## What is needed
It would help if you retyped the data exactly, leaving out the pictures.

═════ Supplied information ═════

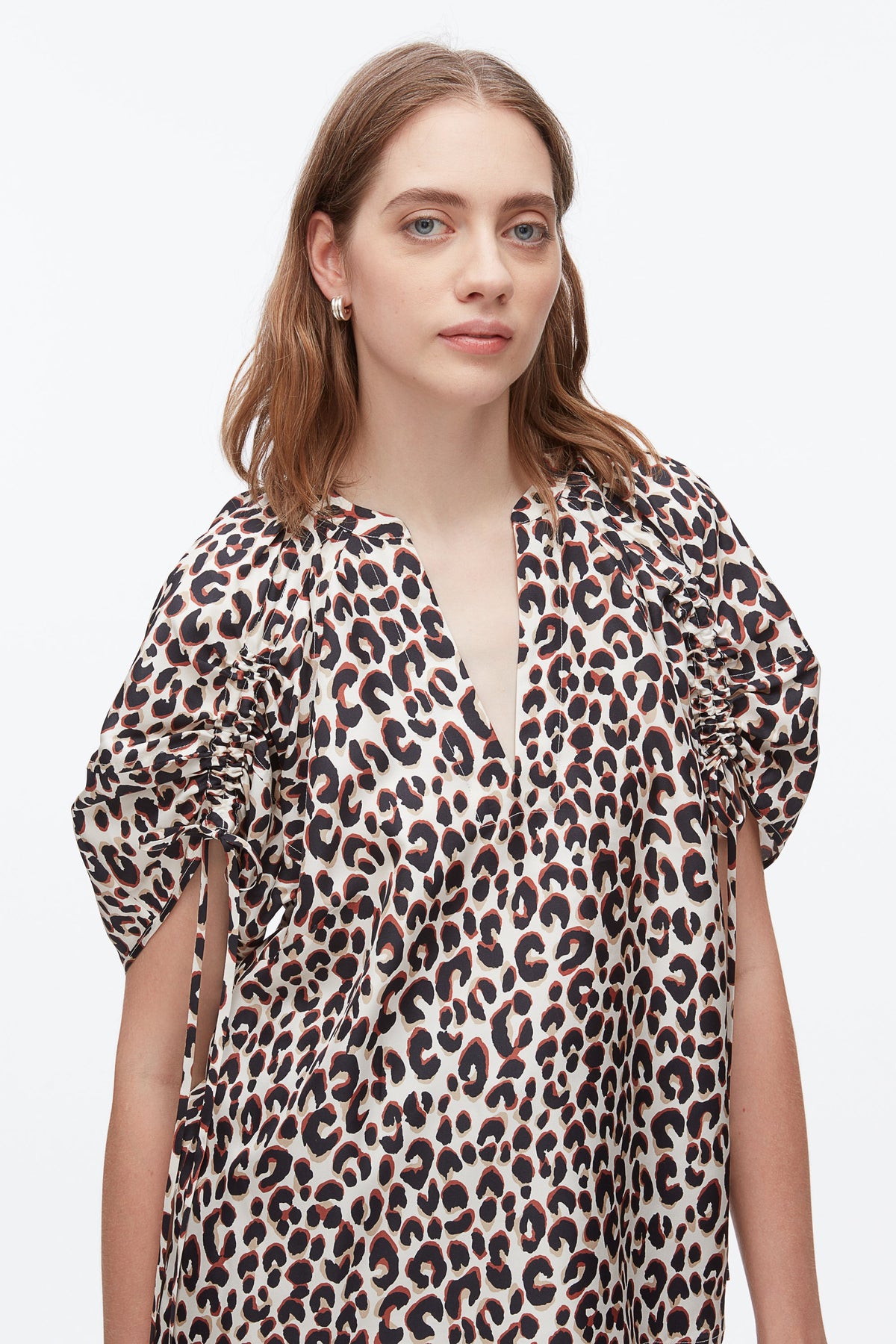 Leopard Ruched Sleeve Top Chalk Multi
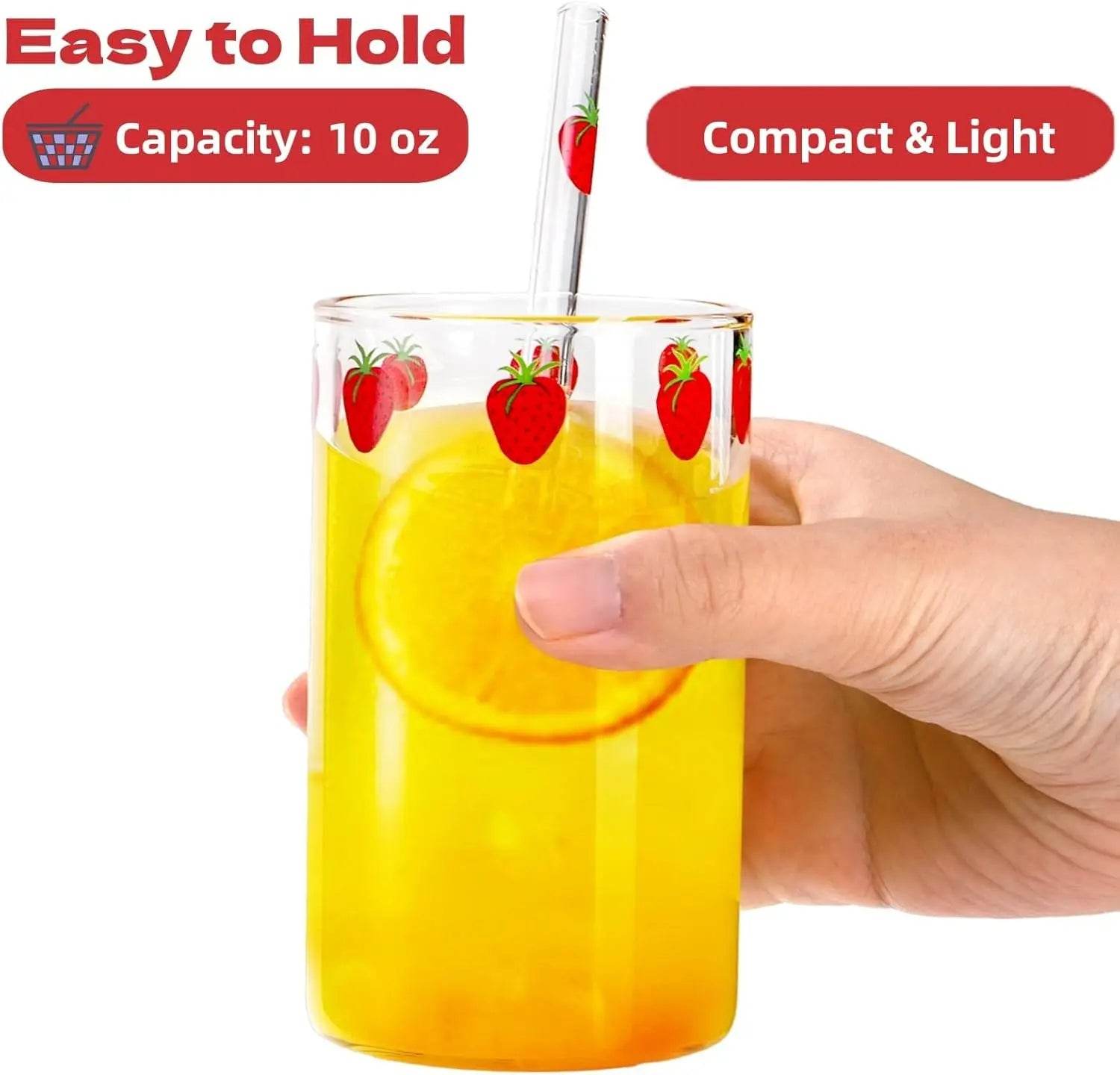 4 Sets Strawberry Cups, 300ML Clear Small Glass Strawberry Drinking Cups with 4 Pieces and Straws - Metromarketstore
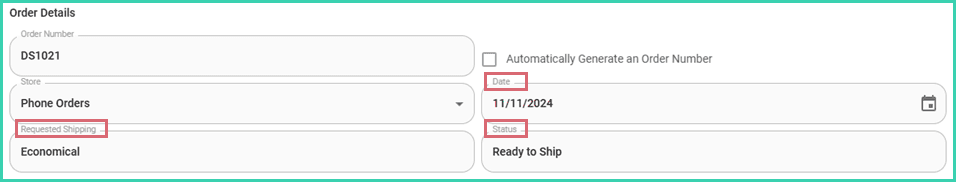 The date, requested shipping, and status have been updated.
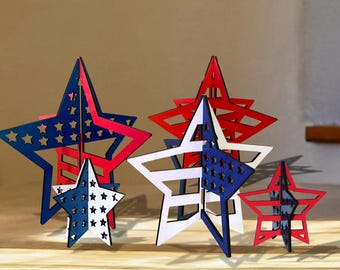 3D Standing Patriotic Stars Farmhouse Home Decoration, DIY Independance Day Shelf Stitters, USA Table Centerpiece, Rustic Natural Wood DIY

═════

## Solution below
 Leopard Ruched Sleeve Top Chalk Multi
 4 Sets Strawberry Cups, 300ML Clear Small Glass Strawberry Drinking Cups with 4 Pieces and Straws - Metromarketstore
 The date, requested shipping, and status have been updated.
 3D Standing Patriotic Stars Farmhouse Home Decoration, DIY Independance Day Shelf Stitters, USA Table Centerpiece, Rustic Natural Wood DIY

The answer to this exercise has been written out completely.